Good attempt!!! Just got a couple of questions from this work.
1) It's not much clear what techniques are used to synthesise already collected data. Can you describe them
2) Does the AoA analysis also assess the prediction accuracy of models?
3) Since prediction models are not quite strong, how would you confidently say that estimated SOC and N stocks are superior to already reported values?
4) I could not link the SOC and N Stock values listed in the abstract with the results.
5) How did you tackle very poor sample distribution that came out from isolated studies when developing prediction models? Did you try data declustering approaches?
6) Application of geostatistical analysis would improve interpretations of short scale variability at two sites.

Citation: https://doi.org/10.5194/egusphere-2025-1052-RC2
- AC2: 'Reply on RC2', Julia Wagner, 20 Aug 2025
  
  Dear anonymous reviewer,
  We sincerely appreciate the constructive feedback above on our manuscript. Below we answer the additional questions you raised about the study.
  
  Kind regards on behalf of all listed authors,
  Julia Wagner
  
  Good attempt!!! Just got a couple of questions from this work.
  1) It's not much clear what techniques are used to synthesise already collected data. Can you describe them
  The study synthesizes existing datasets by assembling previously collected measurements from various sources into a single dataset and converting them to standard depth intervals (0–30 cm and 30–100 cm) for consistency in subsequent analyses. The researchers working on permafrost soil carbon, especially in that region (including co-authors of this study) are well connected and follow standardized protocols for sampling of permafrost soils (e.g. Ping et al. 2013: https://acsess.onlinelibrary.wiley.com/doi/epdf/10.2136/sh12-09-0027 and Palmtag et al. 2022: https://essd.copernicus.org/articles/14/4095/2022/ )
  Does the AoA analysis also assess the prediction accuracy of models?
  The AoA analysis itself does not directly measure prediction accuracy. It measures the similarity of new data to the training data, with the DI threshold defined in a way that is consistent with the mode’s cross-validation process.
  The AoA can be used alongside the accuracy measures. Accuracy metrics (e.g., RMSE, R²) quantify how well the model performs on known data. The AoA then quantifies where those performance expectations are likely to hold, based on predictor similarity.
  
  3) Since prediction models are not quite strong, how would you confidently say that estimated SOC and N stocks are superior to already reported values?
  The estimates presented in this study are based on the most up-to-date dataset currently available for the region. While we do not claim that our results represent a definitive (or even correct) assessment, they provide the first estimates of SOC and N stocks derived from a digital soil mapping approach using random forest modelling for this area.

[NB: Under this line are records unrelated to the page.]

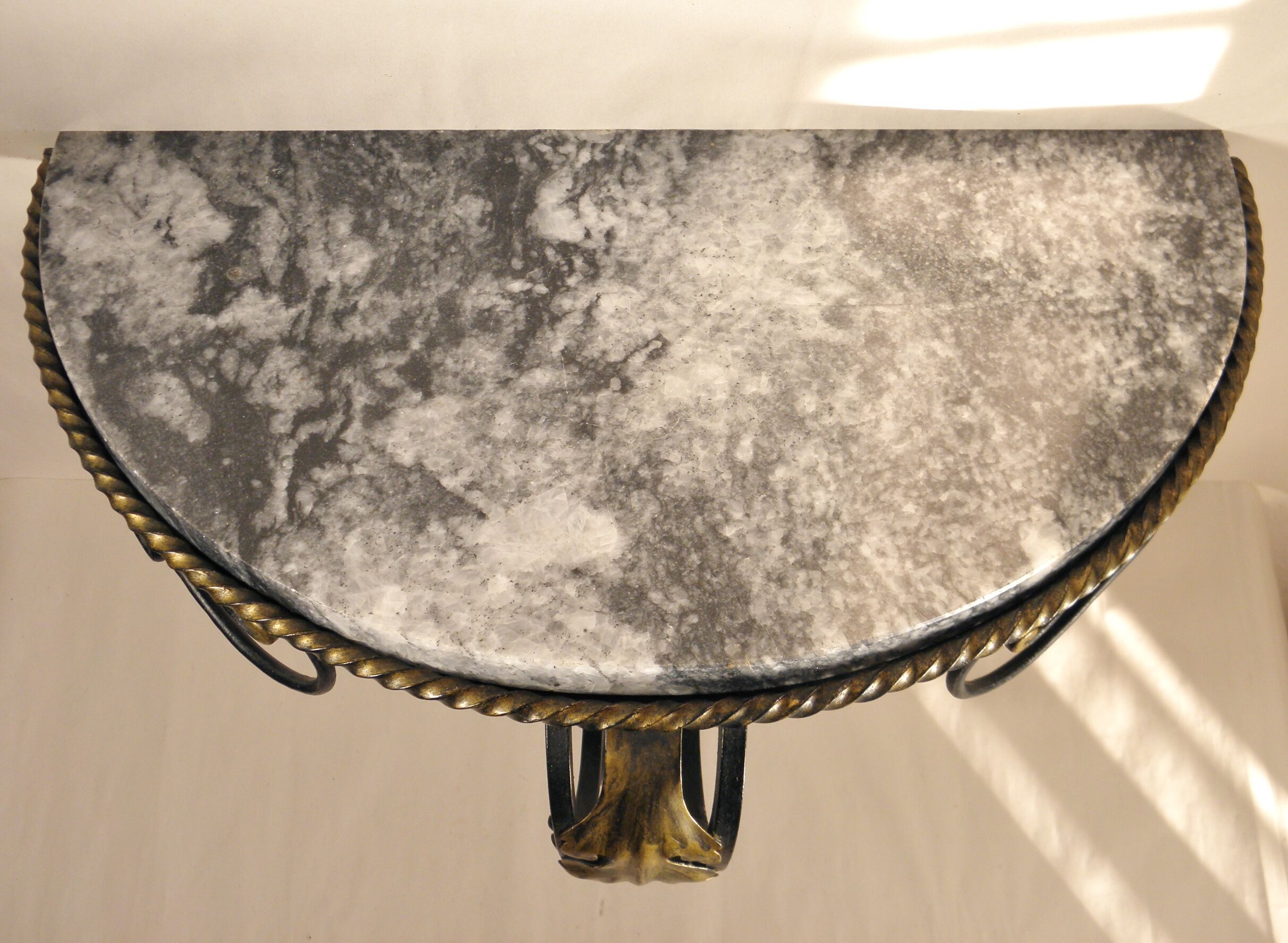 Wrought iron and marble wall console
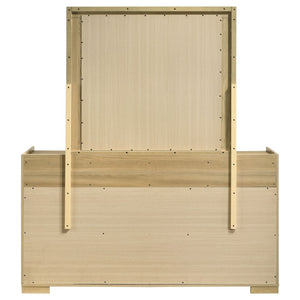 English Elm Lincoln Six Drawer Dresser with Mirror Two Tone Retro Bedroom Storage Set B062S02201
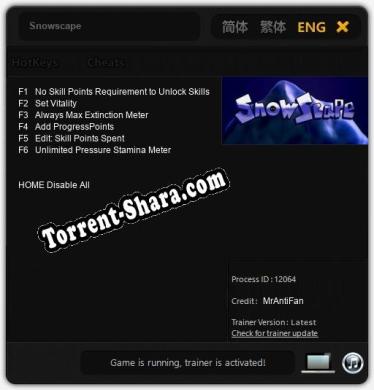Snowscape: Трейнер +6 [v1.4]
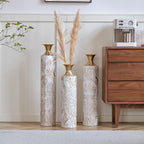 White / Gold Metal Floor Vases Set of 3 with Durable Modern Design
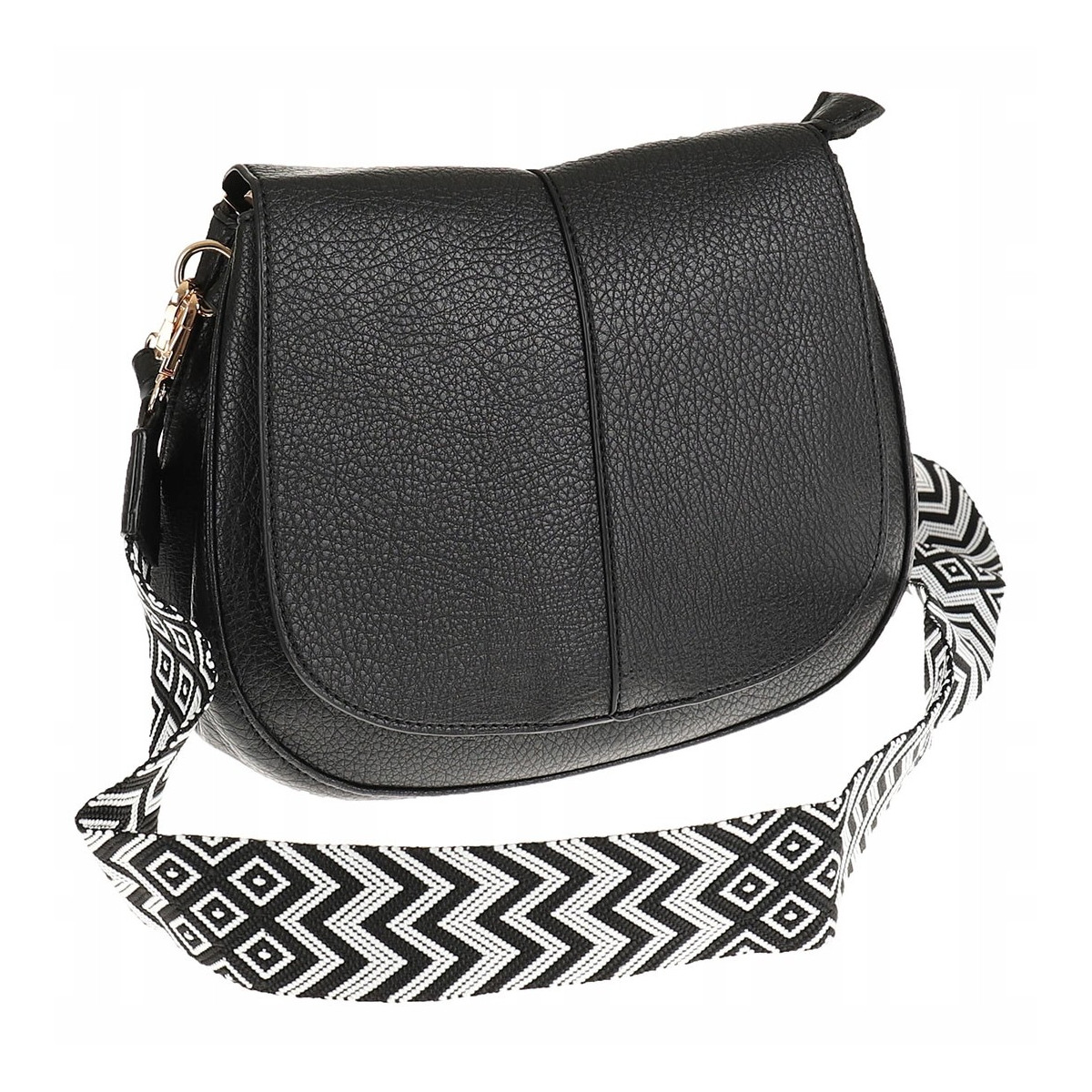 Torebka Damska Listonoszka Pojemna Miejska Kuferek na Ramię HJ8836 Czarna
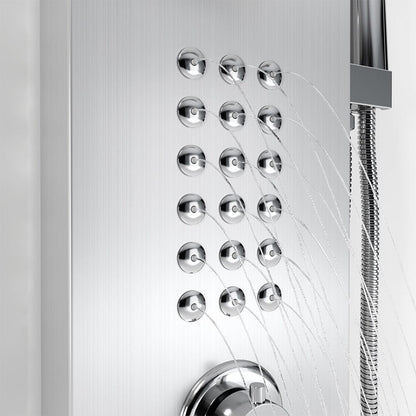 135cm H 5 Function Bathroom Silver Shower Panel with Hand Shower Head - House Comfort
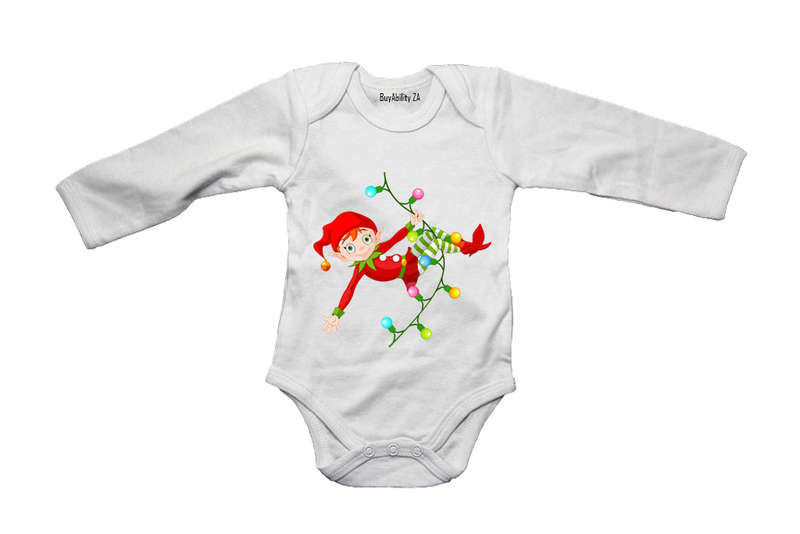 Christmas Lights Elf - Baby Grow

As such, they offer a robust starting point for further analyses, targeted field campaigns, and methodological refinements. It is also important to note that many previously reported values rely on generalized landform or landscape class-based approaches, whereas our analysis uses continuous predictor variables and a spatially explicit modelling framework, providing finer resolution and potentially greater relevance for site-specific applications.
  4) I could not link the SOC and N Stock values listed in the abstract with the results.

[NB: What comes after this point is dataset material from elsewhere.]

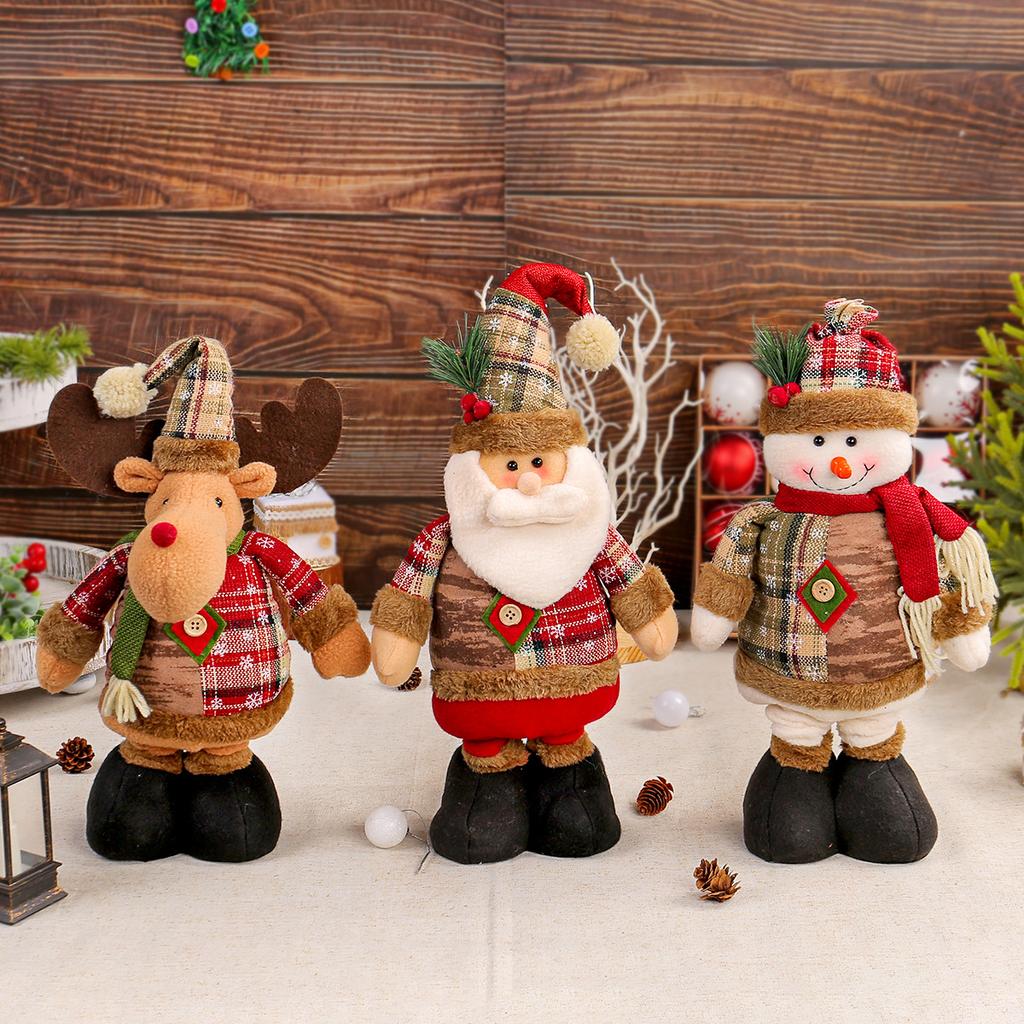 Christmas Doll Retractable Christmas Doll Santa Claus Snowman Elk Standing Doll Christmas Atmosphere Decoration Supplies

  These results are calculated from the sum of the raster values of the prediction results for 0-30 cm and 30-100 cm for a mosaic that combines the individual predictions for Herschel Island and the mainland, as we conclude individual models for each area due to the geological differences. We will add an explanation in the result. In case we do the suggested reanalysis, we will adjust these numbers.
  
  5) How did you tackle very poor sample distribution that came out from isolated studies when developing prediction models? Did you try data declustering approaches?

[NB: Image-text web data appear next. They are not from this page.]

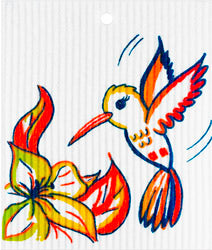 Fun Swedish wash towel with humming bird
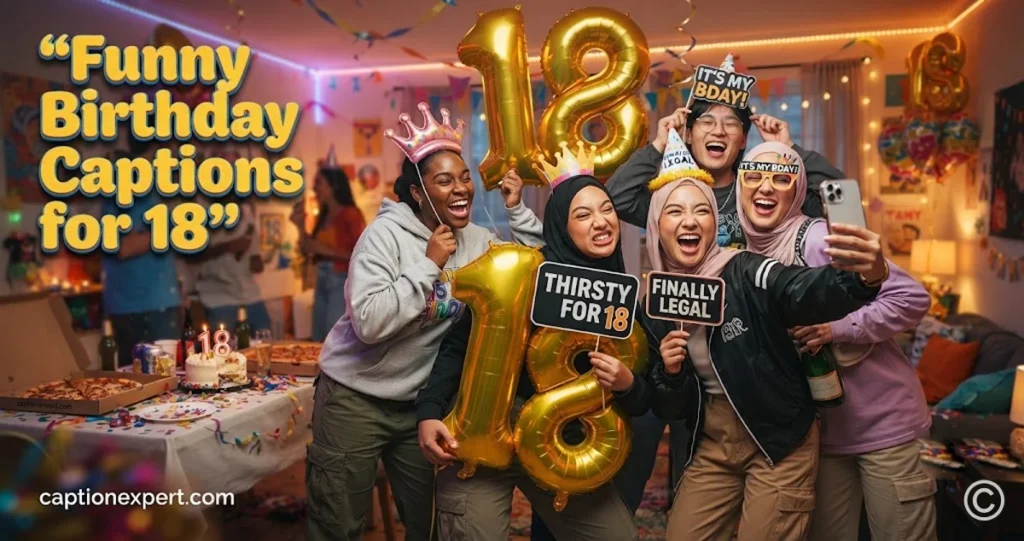 Funny Birthday Captions for 18 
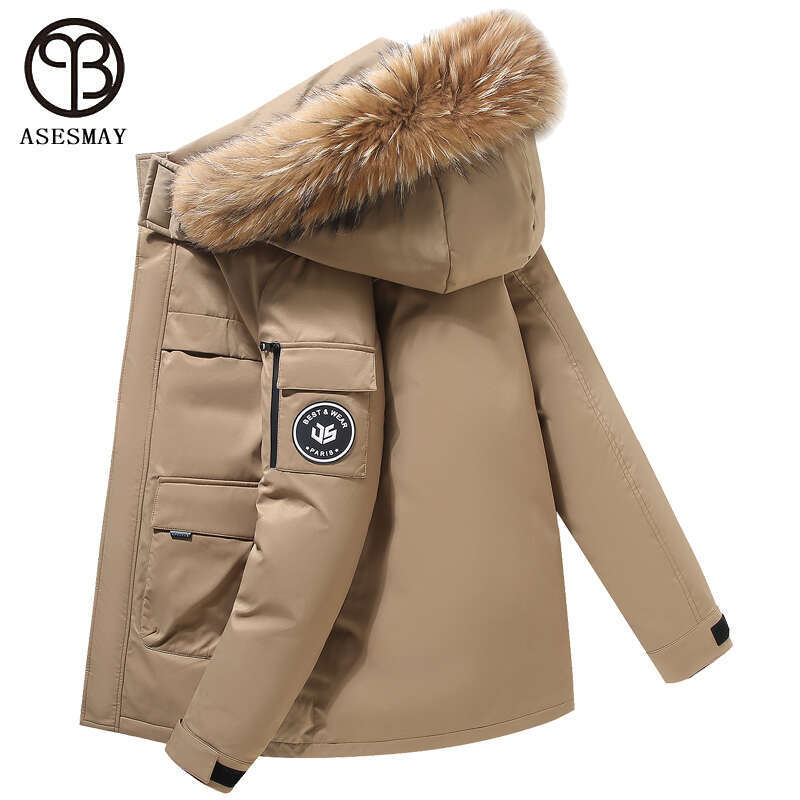 Asesmay 2021 Brand Clothing Long Down Jacket Men's Winter Casual Thicken Coat Natural Fur Hood Trendy Fashion Snow Warm Parkas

  Models were trained using the available datasets in their collected form, which we acknowledge contained uneven sample distributions due to the isolated nature of the source studies. Indeed, the AOA analyses identifies areas where the feature space is adequately covered by the sample data. But given the focus of the manuscript on exploring using local data to bridge scales we considered our approach acceptable. If we are given the chance to revise the manuscript which means also our proposed rerun of the models we propose to use spatial crossvalidation instead of a purely random crossvalidation approach to account for the spatially uneven distribution of the training data in our models. We recommend that future studies could explore declustering approaches to improve representativeness.
  
  6) Application of geostatistical analysis would improve interpretations of short scale variability at two sites.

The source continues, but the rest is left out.